• WORK INSTRUCTIONS: Which of the lines below hold "фото"? Please return each one.

• SUPPLIED INFORMATION:
Content starts

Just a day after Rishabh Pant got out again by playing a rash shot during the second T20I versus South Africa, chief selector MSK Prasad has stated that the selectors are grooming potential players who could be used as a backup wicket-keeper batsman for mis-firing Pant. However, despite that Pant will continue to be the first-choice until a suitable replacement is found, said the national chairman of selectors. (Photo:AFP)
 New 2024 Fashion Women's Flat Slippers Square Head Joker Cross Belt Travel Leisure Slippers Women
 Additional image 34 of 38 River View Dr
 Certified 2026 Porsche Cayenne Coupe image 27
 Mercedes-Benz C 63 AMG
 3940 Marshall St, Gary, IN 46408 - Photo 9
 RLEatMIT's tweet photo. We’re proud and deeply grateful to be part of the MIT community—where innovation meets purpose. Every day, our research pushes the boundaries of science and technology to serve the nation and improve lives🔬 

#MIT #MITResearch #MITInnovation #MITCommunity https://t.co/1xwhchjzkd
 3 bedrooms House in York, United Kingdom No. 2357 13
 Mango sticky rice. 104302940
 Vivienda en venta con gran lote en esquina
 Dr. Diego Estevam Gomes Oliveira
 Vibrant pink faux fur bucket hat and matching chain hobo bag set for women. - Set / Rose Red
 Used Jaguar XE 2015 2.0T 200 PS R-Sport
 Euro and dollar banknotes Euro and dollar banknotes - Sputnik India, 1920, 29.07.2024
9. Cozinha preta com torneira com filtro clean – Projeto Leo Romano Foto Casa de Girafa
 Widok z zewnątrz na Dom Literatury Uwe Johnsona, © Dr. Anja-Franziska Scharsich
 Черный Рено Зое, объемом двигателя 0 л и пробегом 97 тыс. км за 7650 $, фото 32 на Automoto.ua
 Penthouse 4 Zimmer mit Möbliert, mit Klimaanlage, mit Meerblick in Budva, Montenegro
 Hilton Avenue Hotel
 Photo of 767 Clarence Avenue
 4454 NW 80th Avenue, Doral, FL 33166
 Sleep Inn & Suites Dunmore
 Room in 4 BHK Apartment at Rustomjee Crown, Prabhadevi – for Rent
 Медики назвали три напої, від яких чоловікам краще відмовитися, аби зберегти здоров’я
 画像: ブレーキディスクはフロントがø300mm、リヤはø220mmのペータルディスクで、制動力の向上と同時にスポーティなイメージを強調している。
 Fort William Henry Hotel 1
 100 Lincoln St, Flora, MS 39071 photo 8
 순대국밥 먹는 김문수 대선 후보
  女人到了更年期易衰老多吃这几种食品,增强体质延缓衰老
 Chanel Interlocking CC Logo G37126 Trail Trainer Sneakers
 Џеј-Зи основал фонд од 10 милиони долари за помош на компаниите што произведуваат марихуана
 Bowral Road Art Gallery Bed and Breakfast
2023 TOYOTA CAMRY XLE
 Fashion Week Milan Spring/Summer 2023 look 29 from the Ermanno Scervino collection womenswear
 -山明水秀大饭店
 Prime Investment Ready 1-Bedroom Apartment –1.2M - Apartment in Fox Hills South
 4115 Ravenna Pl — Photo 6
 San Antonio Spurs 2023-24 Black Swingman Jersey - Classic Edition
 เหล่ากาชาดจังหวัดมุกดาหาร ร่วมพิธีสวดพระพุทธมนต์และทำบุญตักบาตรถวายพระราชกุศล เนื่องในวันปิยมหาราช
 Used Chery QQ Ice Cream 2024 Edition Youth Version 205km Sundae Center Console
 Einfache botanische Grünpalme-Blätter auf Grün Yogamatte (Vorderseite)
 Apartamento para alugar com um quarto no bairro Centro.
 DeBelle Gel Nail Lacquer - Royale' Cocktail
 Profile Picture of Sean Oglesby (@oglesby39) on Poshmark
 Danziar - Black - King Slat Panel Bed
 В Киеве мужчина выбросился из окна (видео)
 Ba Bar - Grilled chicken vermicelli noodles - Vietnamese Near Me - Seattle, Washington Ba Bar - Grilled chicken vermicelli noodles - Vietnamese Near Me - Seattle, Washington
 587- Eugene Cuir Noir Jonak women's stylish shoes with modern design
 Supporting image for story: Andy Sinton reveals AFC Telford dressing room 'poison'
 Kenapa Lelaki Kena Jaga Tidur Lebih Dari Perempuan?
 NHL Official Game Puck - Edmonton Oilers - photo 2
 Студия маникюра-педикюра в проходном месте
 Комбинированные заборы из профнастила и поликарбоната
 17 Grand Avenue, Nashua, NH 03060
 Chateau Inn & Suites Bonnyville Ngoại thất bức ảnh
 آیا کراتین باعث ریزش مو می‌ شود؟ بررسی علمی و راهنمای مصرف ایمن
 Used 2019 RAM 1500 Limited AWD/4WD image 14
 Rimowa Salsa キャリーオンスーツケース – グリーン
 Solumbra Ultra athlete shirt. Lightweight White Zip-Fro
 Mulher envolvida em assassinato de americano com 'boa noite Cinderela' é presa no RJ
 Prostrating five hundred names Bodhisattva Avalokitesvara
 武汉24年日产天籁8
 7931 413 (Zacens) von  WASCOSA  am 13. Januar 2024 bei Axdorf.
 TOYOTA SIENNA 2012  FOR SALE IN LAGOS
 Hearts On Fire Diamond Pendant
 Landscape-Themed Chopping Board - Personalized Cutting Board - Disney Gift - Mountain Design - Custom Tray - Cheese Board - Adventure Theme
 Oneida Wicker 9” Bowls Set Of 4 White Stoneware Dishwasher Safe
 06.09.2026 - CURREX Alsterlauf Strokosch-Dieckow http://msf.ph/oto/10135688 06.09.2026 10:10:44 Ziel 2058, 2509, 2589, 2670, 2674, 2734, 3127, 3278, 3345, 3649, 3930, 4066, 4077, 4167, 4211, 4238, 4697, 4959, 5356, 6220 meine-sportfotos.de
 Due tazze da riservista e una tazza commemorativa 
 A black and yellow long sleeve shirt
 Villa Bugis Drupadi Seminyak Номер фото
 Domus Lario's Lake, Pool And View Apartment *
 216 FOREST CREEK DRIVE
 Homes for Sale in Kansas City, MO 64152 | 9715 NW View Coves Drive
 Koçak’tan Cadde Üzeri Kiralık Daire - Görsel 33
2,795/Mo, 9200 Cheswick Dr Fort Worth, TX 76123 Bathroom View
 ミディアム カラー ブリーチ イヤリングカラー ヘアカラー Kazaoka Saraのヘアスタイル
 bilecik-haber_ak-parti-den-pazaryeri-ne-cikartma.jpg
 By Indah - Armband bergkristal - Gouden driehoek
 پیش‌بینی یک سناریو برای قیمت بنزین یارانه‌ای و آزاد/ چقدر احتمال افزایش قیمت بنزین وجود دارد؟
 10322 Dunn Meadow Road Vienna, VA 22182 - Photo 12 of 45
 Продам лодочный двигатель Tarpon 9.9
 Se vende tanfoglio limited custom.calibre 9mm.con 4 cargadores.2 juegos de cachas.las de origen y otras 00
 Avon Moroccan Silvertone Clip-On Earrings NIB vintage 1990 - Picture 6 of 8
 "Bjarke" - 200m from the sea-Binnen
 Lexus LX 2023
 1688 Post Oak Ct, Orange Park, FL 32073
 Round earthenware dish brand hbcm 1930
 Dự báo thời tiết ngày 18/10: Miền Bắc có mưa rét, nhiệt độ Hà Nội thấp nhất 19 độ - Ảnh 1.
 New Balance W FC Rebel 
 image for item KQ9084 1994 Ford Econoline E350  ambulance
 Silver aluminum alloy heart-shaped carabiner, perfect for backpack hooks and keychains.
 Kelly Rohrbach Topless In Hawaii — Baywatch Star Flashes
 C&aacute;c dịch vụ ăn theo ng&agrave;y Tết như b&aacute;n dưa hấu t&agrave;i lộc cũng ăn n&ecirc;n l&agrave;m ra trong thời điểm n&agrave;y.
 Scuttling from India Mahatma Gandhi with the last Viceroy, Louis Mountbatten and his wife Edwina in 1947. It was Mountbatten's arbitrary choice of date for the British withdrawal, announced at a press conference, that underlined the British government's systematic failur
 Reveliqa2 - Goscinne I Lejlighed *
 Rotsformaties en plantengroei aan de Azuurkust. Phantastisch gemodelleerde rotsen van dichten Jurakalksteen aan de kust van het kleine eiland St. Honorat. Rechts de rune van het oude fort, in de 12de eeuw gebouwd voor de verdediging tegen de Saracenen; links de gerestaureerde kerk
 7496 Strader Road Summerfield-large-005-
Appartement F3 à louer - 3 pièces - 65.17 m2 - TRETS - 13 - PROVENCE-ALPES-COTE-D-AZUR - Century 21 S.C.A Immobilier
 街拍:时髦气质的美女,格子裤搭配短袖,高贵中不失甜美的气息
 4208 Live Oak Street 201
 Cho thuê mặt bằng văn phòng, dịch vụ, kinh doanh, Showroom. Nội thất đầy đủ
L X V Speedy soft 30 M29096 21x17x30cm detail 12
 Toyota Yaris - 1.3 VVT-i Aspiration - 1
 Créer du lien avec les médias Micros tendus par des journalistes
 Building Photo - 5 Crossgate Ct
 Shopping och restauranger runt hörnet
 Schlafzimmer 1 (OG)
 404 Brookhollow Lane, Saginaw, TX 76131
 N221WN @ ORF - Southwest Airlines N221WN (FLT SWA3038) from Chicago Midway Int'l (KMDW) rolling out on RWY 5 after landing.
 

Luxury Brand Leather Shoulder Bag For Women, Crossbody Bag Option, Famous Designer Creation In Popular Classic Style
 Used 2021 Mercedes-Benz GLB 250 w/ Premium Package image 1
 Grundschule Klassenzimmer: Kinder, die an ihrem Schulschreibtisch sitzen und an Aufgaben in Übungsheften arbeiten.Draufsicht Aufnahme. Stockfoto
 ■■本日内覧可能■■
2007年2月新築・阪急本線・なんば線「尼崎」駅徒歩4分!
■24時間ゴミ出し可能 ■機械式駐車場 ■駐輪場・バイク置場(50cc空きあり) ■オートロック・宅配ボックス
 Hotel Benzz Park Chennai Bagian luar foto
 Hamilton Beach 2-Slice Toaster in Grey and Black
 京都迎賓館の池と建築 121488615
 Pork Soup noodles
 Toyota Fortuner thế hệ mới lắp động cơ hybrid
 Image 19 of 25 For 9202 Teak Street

Content ends

• WRITTEN ANSWER:
 Черный Рено Зое, объемом двигателя 0 л и пробегом 97 тыс. км за 7650 $, фото 32 на Automoto.ua
 Villa Bugis Drupadi Seminyak Номер фото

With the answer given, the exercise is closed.